| To do |
Search the data below for the word "Daily" and report how many lines contain it. Nothing but the number is needed.

| Exercise input |
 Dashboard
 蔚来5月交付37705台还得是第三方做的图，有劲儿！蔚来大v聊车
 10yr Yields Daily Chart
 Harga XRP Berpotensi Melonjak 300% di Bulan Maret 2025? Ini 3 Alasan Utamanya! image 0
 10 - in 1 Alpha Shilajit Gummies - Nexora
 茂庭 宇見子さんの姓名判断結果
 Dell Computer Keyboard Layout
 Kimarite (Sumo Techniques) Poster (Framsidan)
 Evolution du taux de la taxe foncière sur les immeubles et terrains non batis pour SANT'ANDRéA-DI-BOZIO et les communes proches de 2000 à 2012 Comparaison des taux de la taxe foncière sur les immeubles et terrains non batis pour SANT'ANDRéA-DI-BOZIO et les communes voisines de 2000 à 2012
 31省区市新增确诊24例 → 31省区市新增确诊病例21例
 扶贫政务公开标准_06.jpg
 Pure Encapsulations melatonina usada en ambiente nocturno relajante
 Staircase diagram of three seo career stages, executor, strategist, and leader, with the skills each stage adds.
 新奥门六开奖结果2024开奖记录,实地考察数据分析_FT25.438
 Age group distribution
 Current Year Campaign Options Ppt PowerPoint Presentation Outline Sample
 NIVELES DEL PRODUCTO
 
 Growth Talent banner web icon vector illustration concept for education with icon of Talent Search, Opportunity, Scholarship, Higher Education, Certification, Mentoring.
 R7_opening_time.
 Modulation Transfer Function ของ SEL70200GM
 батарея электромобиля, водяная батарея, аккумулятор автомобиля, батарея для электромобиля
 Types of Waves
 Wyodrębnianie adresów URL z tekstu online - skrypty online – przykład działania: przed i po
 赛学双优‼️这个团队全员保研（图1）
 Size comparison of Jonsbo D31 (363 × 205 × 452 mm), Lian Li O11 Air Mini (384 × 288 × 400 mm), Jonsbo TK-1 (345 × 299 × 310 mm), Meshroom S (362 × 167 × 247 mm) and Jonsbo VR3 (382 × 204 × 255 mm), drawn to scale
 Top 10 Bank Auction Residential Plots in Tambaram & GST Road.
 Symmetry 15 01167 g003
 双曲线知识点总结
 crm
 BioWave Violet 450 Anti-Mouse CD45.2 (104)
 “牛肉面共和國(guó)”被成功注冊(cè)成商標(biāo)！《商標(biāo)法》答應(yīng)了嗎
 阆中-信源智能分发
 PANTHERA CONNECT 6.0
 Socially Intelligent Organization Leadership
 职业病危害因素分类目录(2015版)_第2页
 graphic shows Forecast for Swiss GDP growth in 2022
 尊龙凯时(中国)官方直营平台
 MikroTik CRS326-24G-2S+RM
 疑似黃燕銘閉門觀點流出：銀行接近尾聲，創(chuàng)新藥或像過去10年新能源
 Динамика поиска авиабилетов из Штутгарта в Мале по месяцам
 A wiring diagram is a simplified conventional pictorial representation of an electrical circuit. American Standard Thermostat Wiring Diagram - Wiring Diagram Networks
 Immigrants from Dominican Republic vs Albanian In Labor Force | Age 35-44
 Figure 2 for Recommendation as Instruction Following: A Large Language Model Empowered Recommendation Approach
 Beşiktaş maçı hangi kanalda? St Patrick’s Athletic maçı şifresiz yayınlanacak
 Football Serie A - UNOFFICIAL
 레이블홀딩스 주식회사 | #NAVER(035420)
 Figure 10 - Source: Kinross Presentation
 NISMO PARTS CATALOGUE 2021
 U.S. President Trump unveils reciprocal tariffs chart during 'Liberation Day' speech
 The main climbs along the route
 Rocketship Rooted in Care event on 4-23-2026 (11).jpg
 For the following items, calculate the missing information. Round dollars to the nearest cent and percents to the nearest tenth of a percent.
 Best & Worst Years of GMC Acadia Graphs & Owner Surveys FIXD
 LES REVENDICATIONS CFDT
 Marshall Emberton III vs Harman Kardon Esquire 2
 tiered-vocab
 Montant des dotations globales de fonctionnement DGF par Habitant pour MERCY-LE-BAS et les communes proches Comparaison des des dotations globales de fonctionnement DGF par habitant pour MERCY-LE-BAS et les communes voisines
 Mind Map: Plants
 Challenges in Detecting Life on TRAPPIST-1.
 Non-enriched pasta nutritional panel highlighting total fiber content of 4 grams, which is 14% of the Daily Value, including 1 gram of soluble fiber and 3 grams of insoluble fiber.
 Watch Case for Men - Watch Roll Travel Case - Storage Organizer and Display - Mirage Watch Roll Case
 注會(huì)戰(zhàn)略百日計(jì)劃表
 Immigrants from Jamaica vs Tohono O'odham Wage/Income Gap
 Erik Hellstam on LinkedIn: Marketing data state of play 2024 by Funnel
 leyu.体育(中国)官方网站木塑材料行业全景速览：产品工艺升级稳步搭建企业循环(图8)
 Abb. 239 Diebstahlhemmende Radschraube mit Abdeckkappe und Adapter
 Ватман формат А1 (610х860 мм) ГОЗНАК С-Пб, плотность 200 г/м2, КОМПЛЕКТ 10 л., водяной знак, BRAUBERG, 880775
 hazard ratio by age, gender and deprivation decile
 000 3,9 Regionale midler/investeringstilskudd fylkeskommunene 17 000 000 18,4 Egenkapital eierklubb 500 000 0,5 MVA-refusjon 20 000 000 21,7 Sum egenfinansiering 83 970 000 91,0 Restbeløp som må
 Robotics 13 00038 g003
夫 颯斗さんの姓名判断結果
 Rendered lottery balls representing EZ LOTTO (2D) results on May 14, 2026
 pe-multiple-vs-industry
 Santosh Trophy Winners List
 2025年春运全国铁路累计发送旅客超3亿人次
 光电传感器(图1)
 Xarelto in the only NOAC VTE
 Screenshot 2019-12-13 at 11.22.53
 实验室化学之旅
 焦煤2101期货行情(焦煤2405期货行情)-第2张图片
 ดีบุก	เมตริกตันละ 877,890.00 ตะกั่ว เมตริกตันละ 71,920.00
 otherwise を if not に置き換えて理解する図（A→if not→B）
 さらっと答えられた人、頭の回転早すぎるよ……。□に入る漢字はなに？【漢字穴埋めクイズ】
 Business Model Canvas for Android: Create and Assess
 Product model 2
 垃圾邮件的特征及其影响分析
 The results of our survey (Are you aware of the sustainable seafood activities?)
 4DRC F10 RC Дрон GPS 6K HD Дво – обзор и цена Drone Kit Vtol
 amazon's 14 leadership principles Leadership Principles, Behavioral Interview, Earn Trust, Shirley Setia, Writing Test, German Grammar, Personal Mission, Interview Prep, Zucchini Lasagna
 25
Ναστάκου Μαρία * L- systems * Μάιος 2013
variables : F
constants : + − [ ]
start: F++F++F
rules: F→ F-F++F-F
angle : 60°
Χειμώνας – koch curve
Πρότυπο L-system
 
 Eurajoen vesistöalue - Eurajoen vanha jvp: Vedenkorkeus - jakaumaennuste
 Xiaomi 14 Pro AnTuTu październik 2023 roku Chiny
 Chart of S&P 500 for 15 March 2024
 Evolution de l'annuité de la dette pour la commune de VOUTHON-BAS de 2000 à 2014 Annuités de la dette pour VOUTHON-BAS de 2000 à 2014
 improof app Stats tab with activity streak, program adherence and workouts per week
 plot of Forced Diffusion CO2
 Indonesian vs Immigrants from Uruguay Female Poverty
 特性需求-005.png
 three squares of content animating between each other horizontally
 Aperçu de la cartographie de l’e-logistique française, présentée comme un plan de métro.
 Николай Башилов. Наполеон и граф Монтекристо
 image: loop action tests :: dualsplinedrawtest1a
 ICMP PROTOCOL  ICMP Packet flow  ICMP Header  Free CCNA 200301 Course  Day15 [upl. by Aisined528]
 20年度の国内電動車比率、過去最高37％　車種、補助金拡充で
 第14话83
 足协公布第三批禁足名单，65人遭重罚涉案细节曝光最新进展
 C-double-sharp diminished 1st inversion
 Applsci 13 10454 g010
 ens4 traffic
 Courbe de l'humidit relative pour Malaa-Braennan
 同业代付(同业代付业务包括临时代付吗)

| Exercise response |
2